WHAT YOU HAVE TO DO:
Reproduce what is written in the records below exactly, and leave out the images.

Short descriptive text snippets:
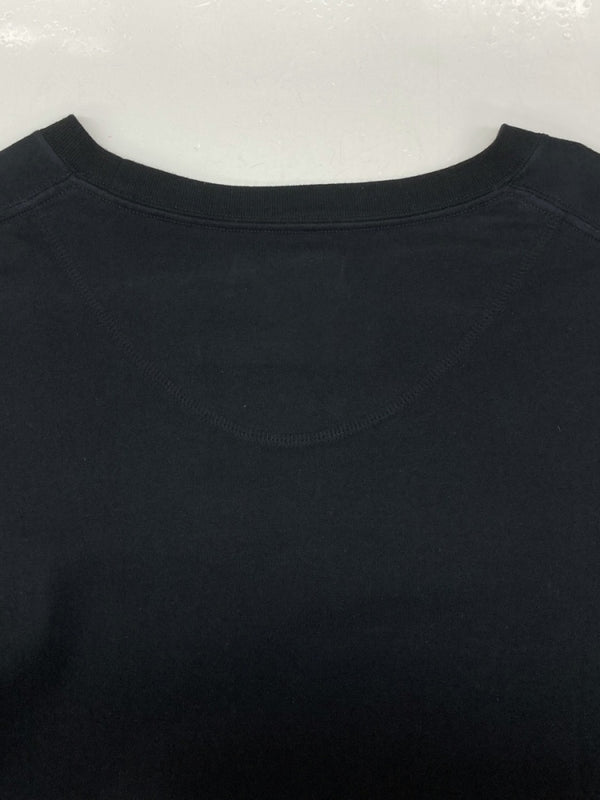 ティーモダンストリートウェア TTT MSW × DAIRIKU ダイリク Layered L/S Tshirt レイヤード Tシャツ ロンT 長袖 重ね着 黒 TD03C ロンT ロゴ ブラック フリーサイズ 104MT-1086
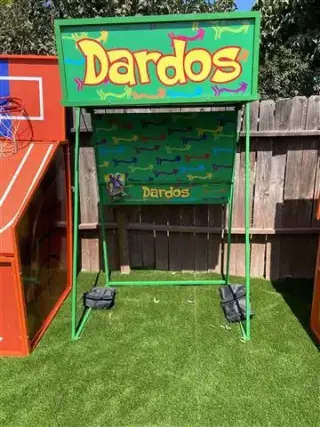 Mini feria juegos para fiestas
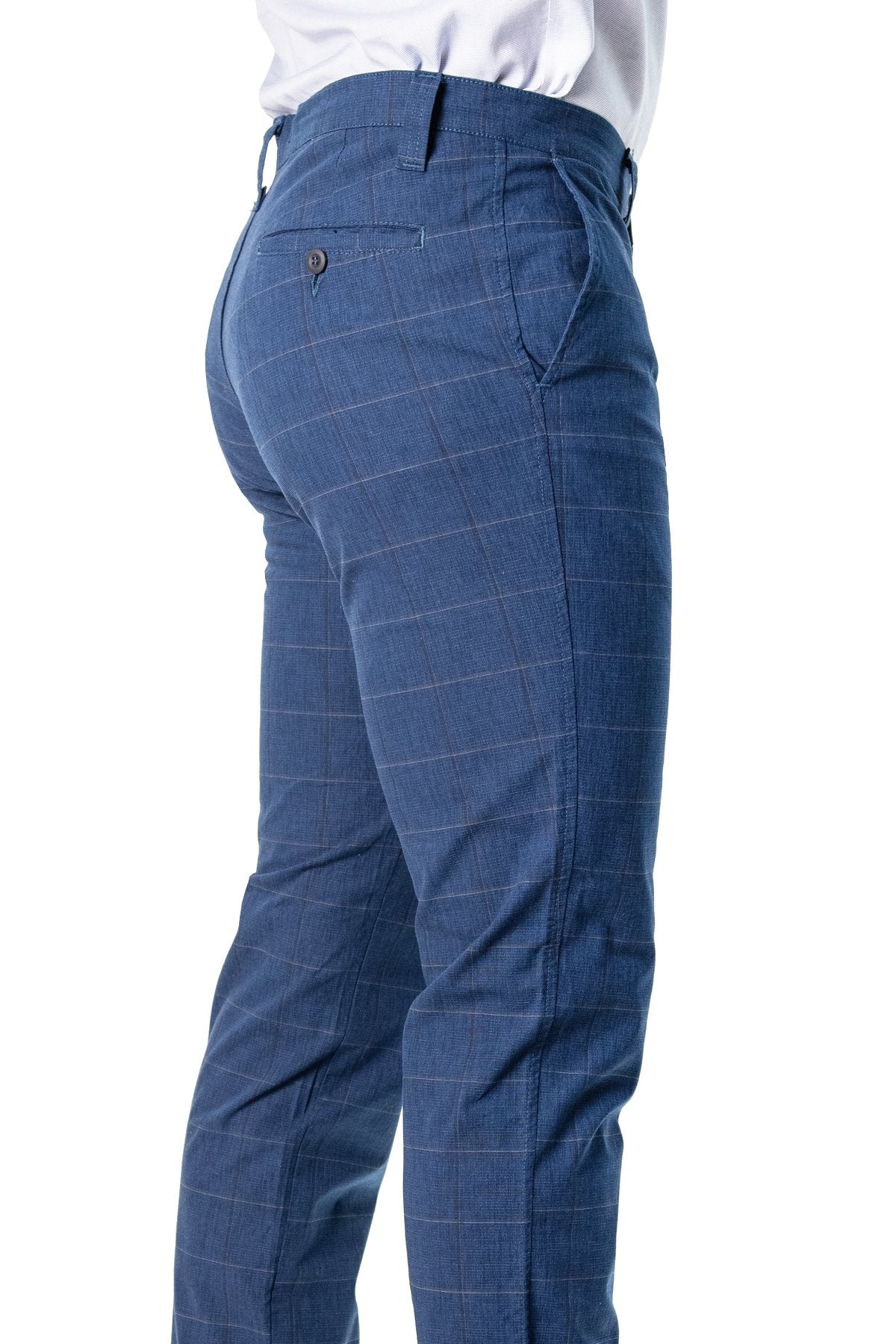 Pantalon Azul Q0012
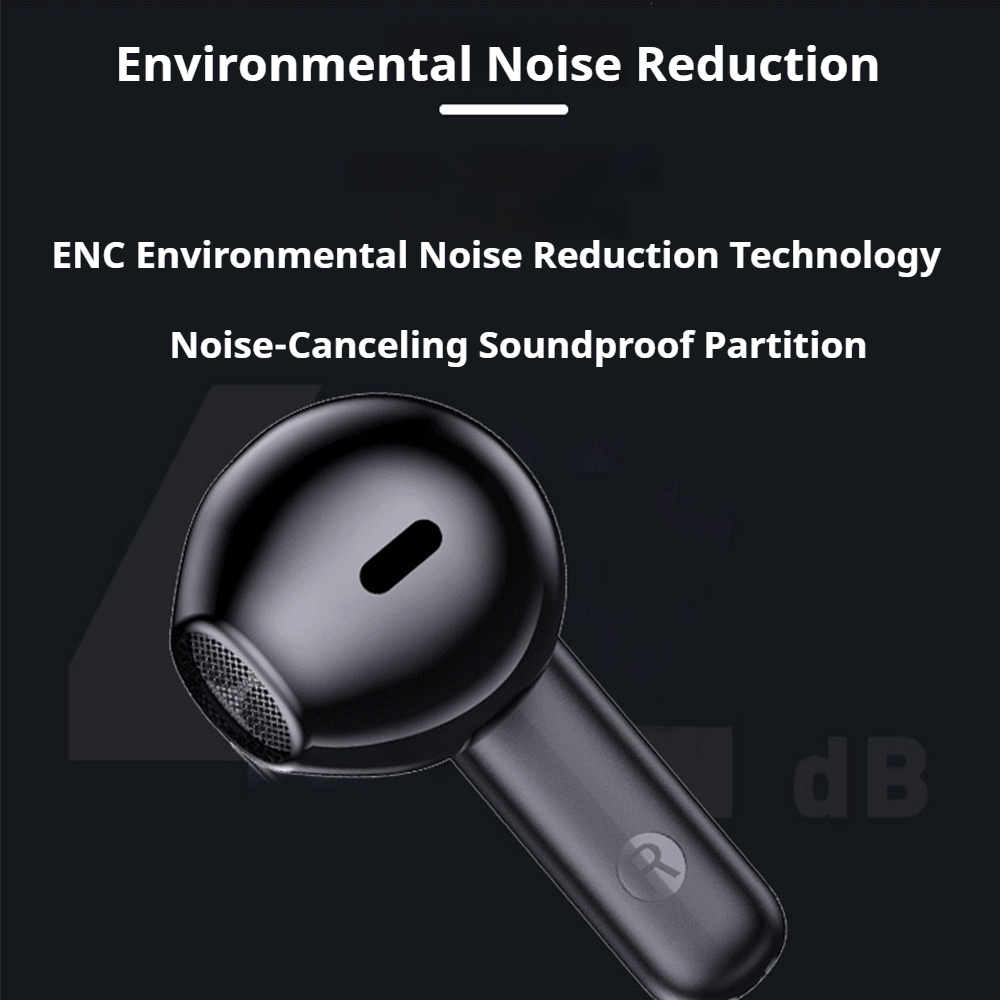 A18 AI Translator Earbuds  164 - مراجعة Noise Cancelling Headphone وسعره
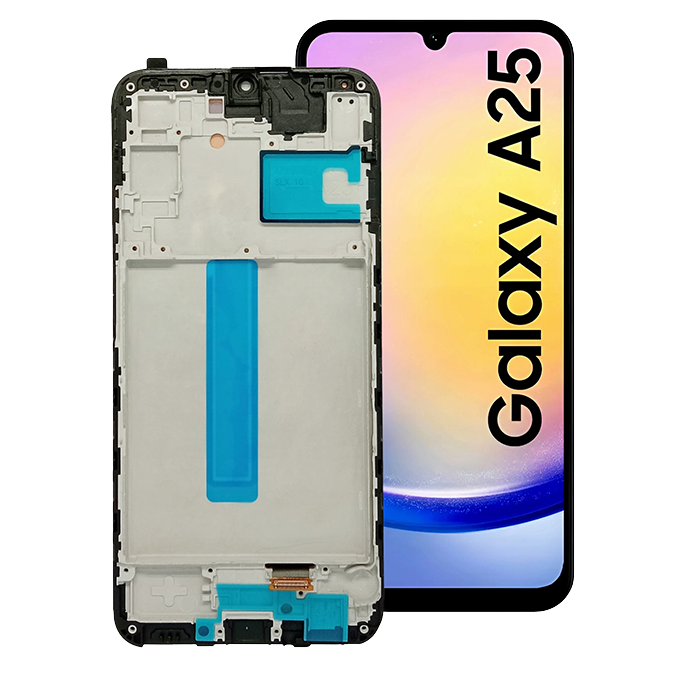 Wyświetlacz Samsung Galaxy A25 5G Ramka Oled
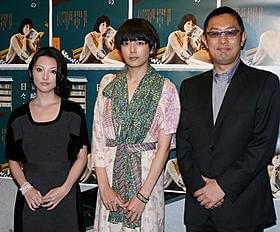 人気モデル・菊池が映画初主演「森崎書店の日々」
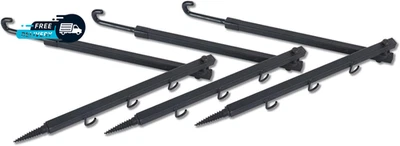 Baumständer Bogenaufhänger Ausrüstung Halter Zubehör Haken - 3er Pack - Bild 1 von 4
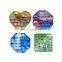 squeeze pure compression snappers gradient push pop bubble sensory fidget toy 5x5inch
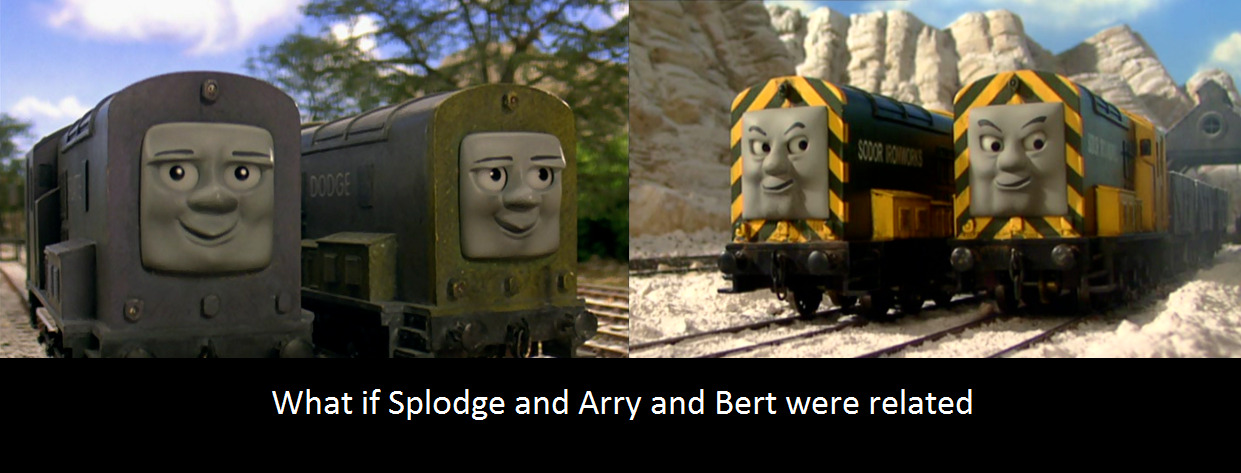 thomas and friends arry and bert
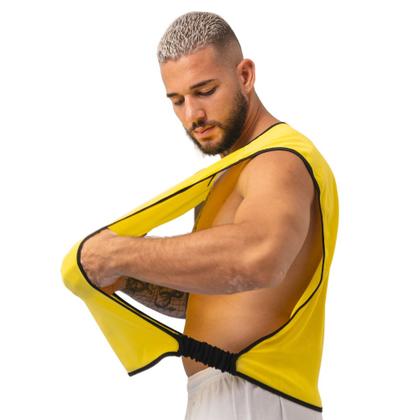 Imagem de Colete de Futebol Treino Jogo Simples 1 Fit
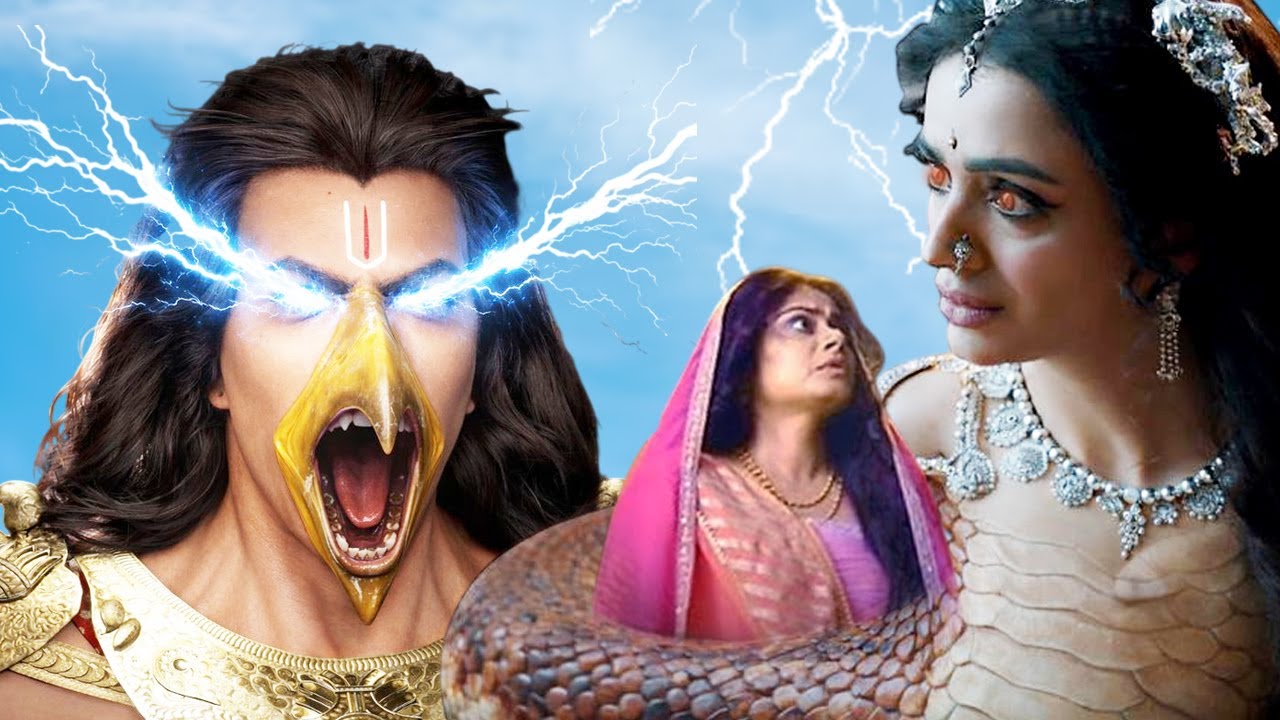 मेरी माँ को छोड़ दो बड़ी माँ अन्यथा अंजाम अच्छा नहीं होगा | Dharm yoddha garud| sunday Special Movie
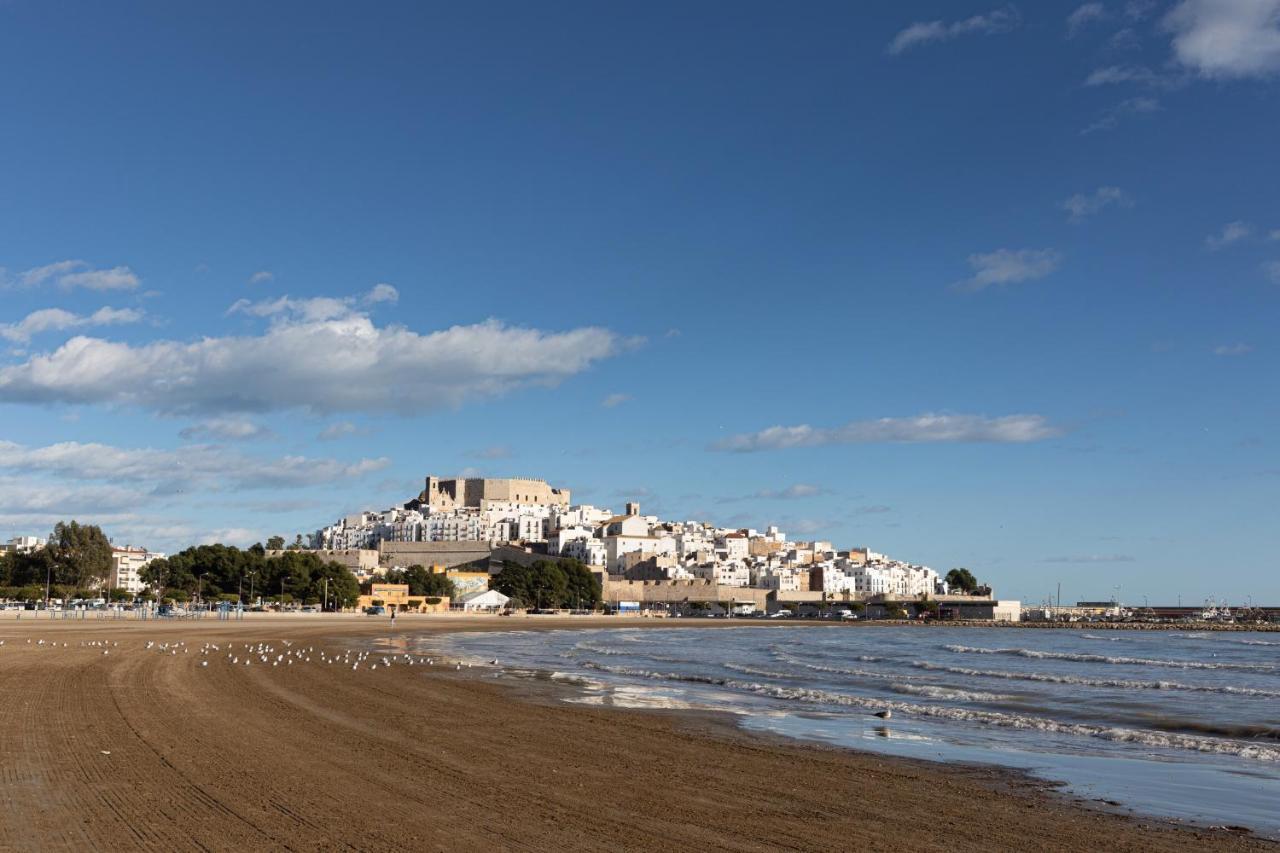 Apartamentos Maruja Roig 1 Playa Sur Peñíscola Exteriör bild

EXERCISE OUTPUT:
 ティーモダンストリートウェア TTT MSW × DAIRIKU ダイリク Layered L/S Tshirt レイヤード Tシャツ ロンT 長袖 重ね着 黒 TD03C ロンT ロゴ ブラック フリーサイズ 104MT-1086
 Mini feria juegos para fiestas
 Pantalon Azul Q0012
 A18 AI Translator Earbuds  164 - مراجعة Noise Cancelling Headphone وسعره
 Wyświetlacz Samsung Galaxy A25 5G Ramka Oled
 人気モデル・菊池が映画初主演「森崎書店の日々」
 Baumständer Bogenaufhänger Ausrüstung Halter Zubehör Haken - 3er Pack - Bild 1 von 4
 squeeze pure compression snappers gradient push pop bubble sensory fidget toy 5x5inch
 thomas and friends arry and bert
 Imagem de Colete de Futebol Treino Jogo Simples 1 Fit
 मेरी माँ को छोड़ दो बड़ी माँ अन्यथा अंजाम अच्छा नहीं होगा | Dharm yoddha garud| sunday Special Movie
 Apartamentos Maruja Roig 1 Playa Sur Peñíscola Exteriör bild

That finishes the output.